» **YOUR OBJECTIVE**
Retype exactly the lines below, starting with the line that contains "Usata Peugeot 2008" and ending with the last line; leave out any pictures.

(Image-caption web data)

BEGIN

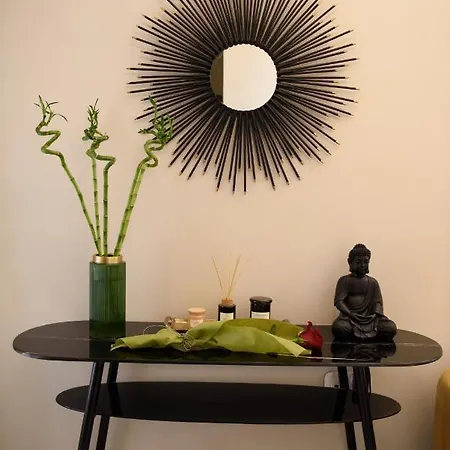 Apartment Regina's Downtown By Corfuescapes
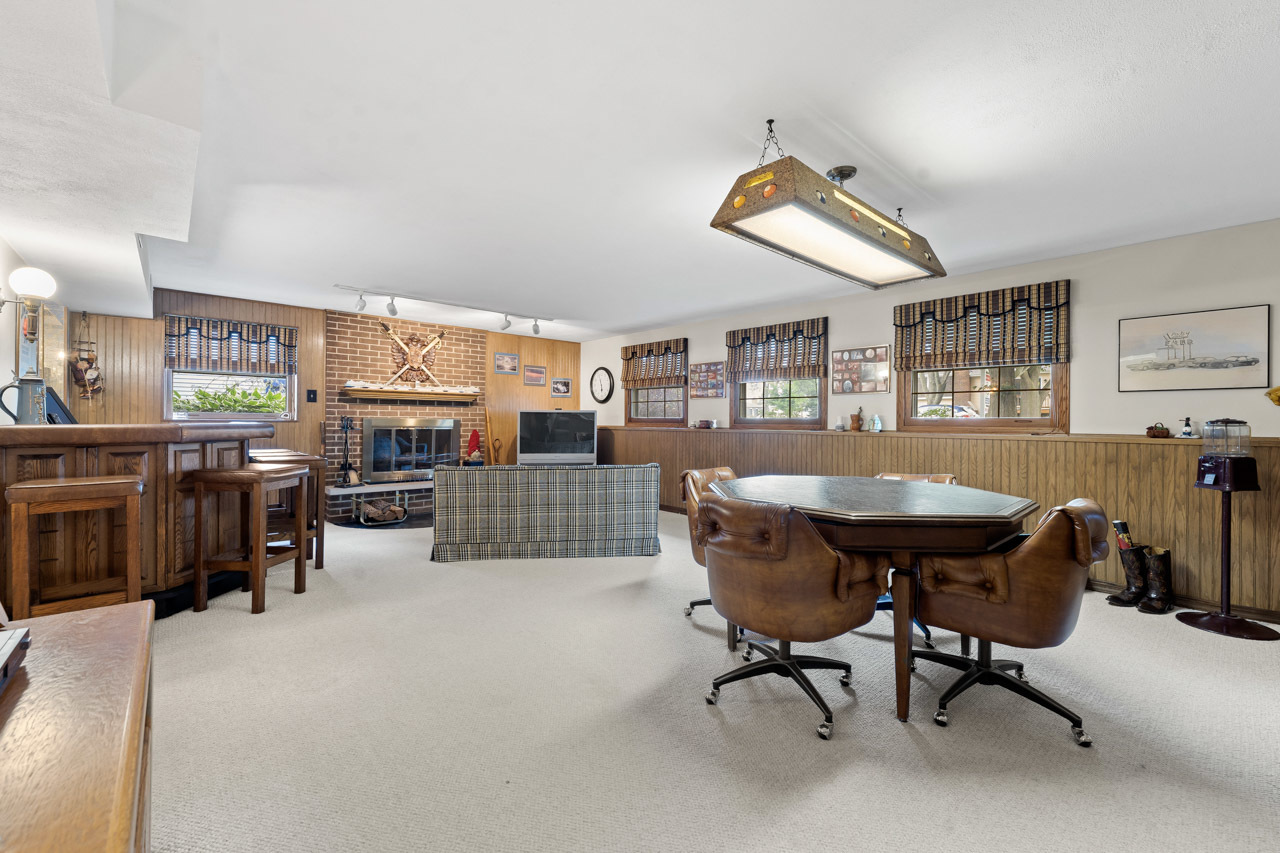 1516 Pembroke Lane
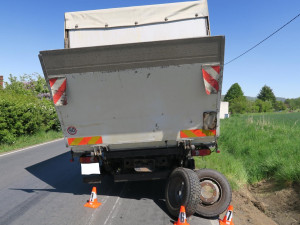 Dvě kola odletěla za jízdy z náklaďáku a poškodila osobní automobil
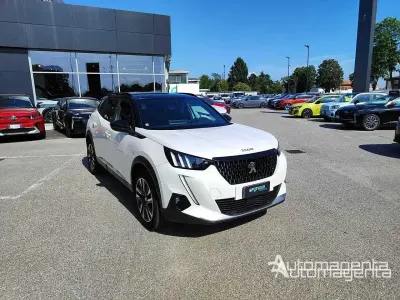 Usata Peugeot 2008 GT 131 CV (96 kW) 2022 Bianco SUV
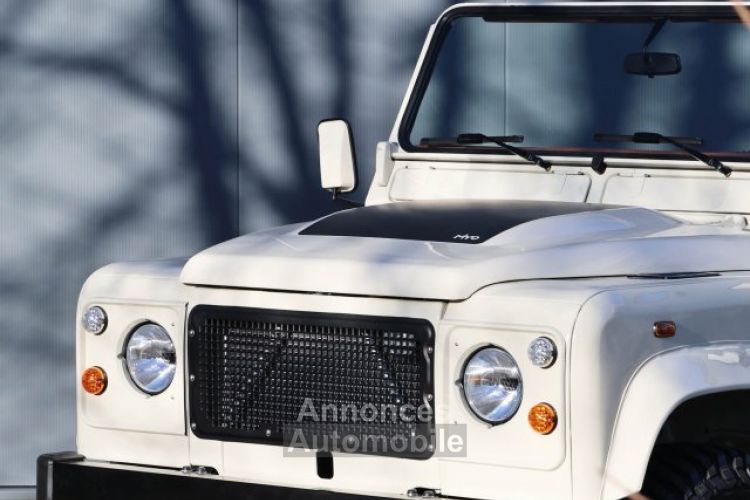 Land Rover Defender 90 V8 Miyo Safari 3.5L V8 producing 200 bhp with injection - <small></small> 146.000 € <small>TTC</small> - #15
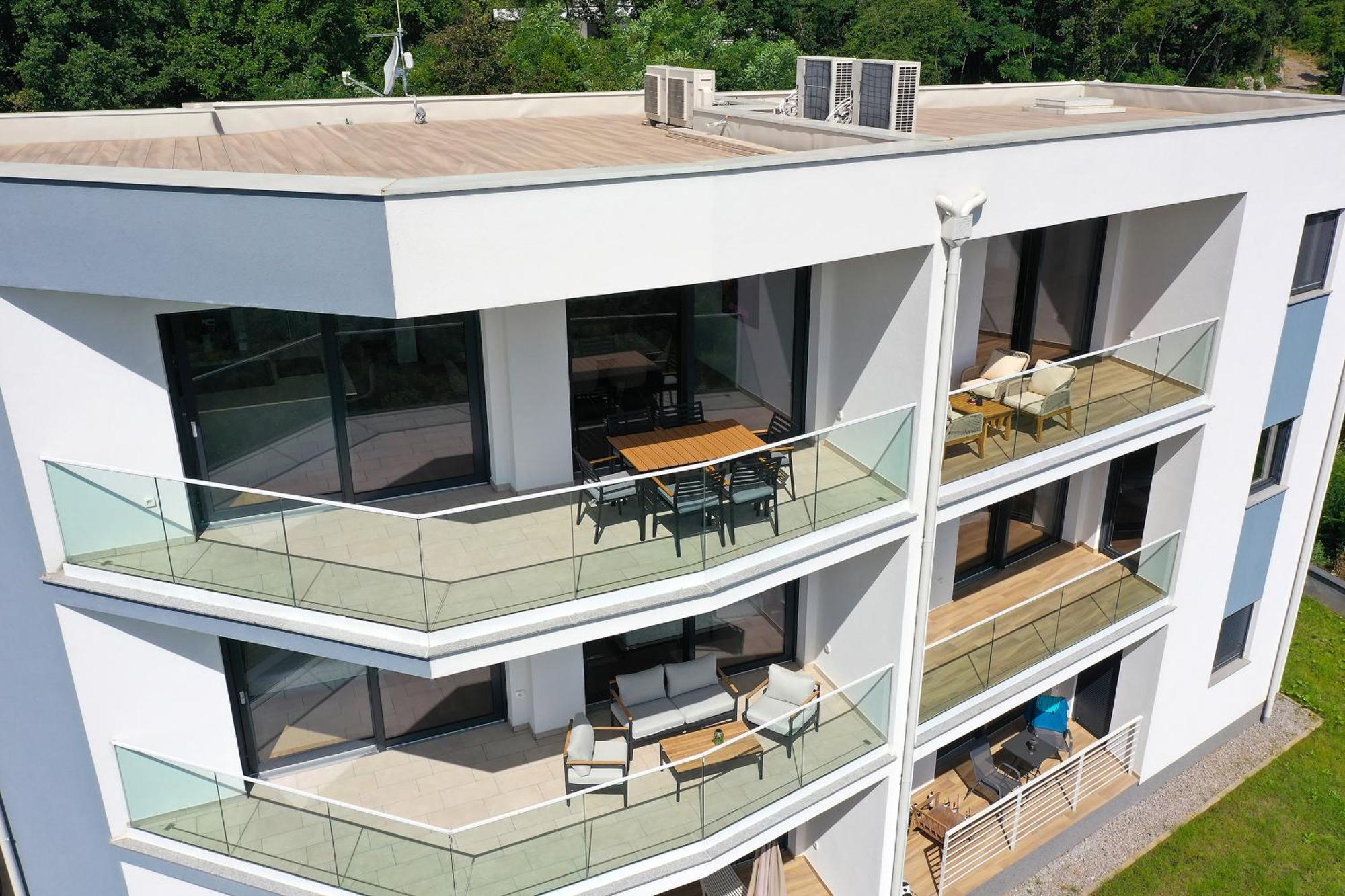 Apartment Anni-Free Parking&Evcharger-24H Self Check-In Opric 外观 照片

END

» **RESPONSE TO THE EXERCISE**
 Usata Peugeot 2008 GT 131 CV (96 kW) 2022 Bianco SUV
 Land Rover Defender 90 V8 Miyo Safari 3.5L V8 producing 200 bhp with injection - <small></small> 146.000 € <small>TTC</small> - #15
 Apartment Anni-Free Parking&Evcharger-24H Self Check-In Opric 外观 照片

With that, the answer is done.